I was making food for my son’s bday party tomorrow and told me I wasn’t being present either cause I was cooking. Meanwhile I was more present than him as my two year old kept running to kitchen since his father wasn’t playing with him or his brother.
They go to sleep at 7. My husband played video games until about 8:15 as I was downstairs doing stuff for party tomorrow. I nicely said to him again that I don’t really like the AirPod thing when with the kids and would prefer if he would do that when they sleep. I said they deserve to have him present and I gently told him he has been doing it quite often lately. He jumped at me started cursing at me. Telling me I am calling him a bad dad. He said he just wanted wind down time and I told him he played video games for an hour and a half before he came down and I let him. He started mimicking my shocked facial expressions because I was taken back how he was acting. He said he can do whatever he wants and he can’t stand me. He said blamed me for ruining the evening and that “he can never do anything right” which I feel I can’t for him as he always criticizes everything I do. Meanwhile I do all his requests and it still isn’t enough. He said “you stay home with them and can be on your phone all day if you want” I says but you know I’m not! He says and that’s your choice. Your job is to be home with them whoopdee do!!

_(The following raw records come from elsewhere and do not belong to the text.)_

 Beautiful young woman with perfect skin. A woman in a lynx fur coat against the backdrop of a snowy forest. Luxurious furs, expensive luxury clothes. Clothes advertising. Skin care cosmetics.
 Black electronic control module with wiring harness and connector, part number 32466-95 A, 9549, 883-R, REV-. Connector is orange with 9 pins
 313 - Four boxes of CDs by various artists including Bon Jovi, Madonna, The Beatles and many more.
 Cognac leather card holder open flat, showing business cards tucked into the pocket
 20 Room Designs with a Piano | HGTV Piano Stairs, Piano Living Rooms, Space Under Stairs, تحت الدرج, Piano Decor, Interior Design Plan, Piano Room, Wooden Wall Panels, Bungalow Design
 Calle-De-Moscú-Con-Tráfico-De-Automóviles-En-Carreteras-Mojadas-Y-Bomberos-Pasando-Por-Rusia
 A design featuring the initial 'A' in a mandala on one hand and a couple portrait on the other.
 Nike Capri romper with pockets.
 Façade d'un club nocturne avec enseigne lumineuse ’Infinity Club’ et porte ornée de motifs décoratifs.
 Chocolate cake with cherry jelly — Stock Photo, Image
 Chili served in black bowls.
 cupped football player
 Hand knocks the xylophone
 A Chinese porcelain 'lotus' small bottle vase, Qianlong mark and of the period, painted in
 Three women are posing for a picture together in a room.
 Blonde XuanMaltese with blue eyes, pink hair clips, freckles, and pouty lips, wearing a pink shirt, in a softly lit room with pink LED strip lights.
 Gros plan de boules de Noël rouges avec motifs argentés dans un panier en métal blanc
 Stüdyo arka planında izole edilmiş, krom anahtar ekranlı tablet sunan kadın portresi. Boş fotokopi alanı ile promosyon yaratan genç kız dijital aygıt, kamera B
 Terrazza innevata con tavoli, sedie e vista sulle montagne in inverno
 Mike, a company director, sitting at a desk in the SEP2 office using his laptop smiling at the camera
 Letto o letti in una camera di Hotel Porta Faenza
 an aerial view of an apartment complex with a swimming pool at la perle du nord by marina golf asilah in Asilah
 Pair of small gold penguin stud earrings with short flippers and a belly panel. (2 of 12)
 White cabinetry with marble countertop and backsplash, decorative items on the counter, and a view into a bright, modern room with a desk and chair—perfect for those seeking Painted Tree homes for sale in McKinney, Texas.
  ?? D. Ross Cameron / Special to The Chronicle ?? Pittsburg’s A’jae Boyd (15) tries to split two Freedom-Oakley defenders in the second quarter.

He said other hurtful things. I feel so sad and numb. He is not how he used to be before babies and idk if he will ever change back. Tonight was like a flashback of Last year my older son first bday because the two weeks prior I found out he continued an emotional affair. And I was crying on floor night before his bday party and now tonight I had a tear or two but feel numb.
I don’t feel like I overreacted or was out of line. He already had wind down him time playing video games before coming down and I didn’t say a word. He gets more him time than me. I never do. Am I crazy?